Machine Project — The Platinum Collection (Live by Special Request) will feature works generated by Allen and a group of artist collaborators on-site at the Tang Museum, responding to the campus and local community. The exhibition is both a reflection and a continuation of Machine Project’s ongoing exploration of collaborative ways of working. While in residence, Allen will inhabit the Tang in multiple ways: the gallery will be augmented with a theater and Machine Project offices, the elevator will become a listening station for the Field Guide to Poets of the Machine Project Region, and Allen himself will camp in a tent on the roof.
"We are delighted to welcome Mark Allen back to Skidmore College and to the Tang, and that he and his collaborators will engage with our visitors in new and exciting ways," said Dayton Director Ian Berry. "Machine Project’s approach of creating new work with people on campus and from the surrounding community fits perfectly with the Tang's long-standing tradition of experimentation and participation. That all of this will happen with a Skidmore alumnus makes our fifteenth anniversary year all the more special."

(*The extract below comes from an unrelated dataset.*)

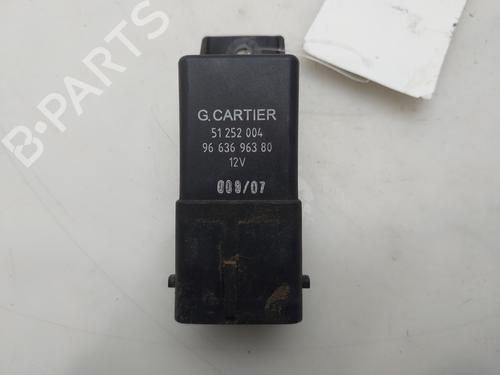 electronic-module-citroen-c4-picasso-i-mpv-ud_-2006-2007-2008-2009-2010-2011-2012-2013-2014-2015-33926863 main image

"Mark Allen has been a wonderful collaborator because he brings to the museum a kind of radical openness that allows for all kinds of risk-taking," said Rachel Seligman, Assistant Director for Curatorial Affairs. "To take one example, he will be converting a section of a gallery into his office space—and he will be working there during regular museum hours. In doing so, he not only makes himself accessible to whatever public encounter will come his way, but he also collapses the traditional museum boundaries of private office space and public gallery space, thus foregrounding the participatory nature of his art-making practice."
Mark Allen is an artist, educator, and curator based in Los Angeles. He is the founder and executive director of Machine Project, a nonprofit performance and installation space investigating art, technology, natural history, science, music, literature, and food in a modest storefront gallery in the Echo Park neighborhood of Los Angeles. Machine Project also operates as an informal team of artists who collaborate to present work at locations ranging from beaches to museums to parking lots. Under his direction, Machine has produced shows with institutions such as the Los Angeles County Museum of Art, the Museum of Contemporary Art in Denver, the Contemporary Art Museum St. Louis, and the Walker Museum in Minneapolis. He has produced over 500 events in Los Angeles at the Machine Project storefront space, and recently concluded a yearlong artist residency addressing topics of public engagement at the Hammer Museum at UCLA.
Prior to opening Machine, Allen was involved with several alternative arts groups as a curator, board member, and director, and co-founded the Los Angeles new media collective c-level. He has taught at the California Institute of the Arts and the University of California San Diego, and is currently an Associate Professor of Art at Pomona College, where he teaches, “Foundations of 2D design,” “Junior/Senior Art seminar,” “Performance in Contemporary Art,” and “Artist as Curator, Artist as Organizer.” He serves on the Board of Directors of the Andy Warhol Foundation for the Visual Arts in New York, and served for three years as a member of the Artist Advisory Board of the Hammer Museum in Los Angeles. Allen received his MFA from the California Institute of the Arts in 1999.
Machine Project — The Platinum Collection (Live by Special Request) is organized by Rachel Seligman, Assistant Director for Curatorial Affairs, in collaboration with Machine Project, and is supported by the Friends of the Tang.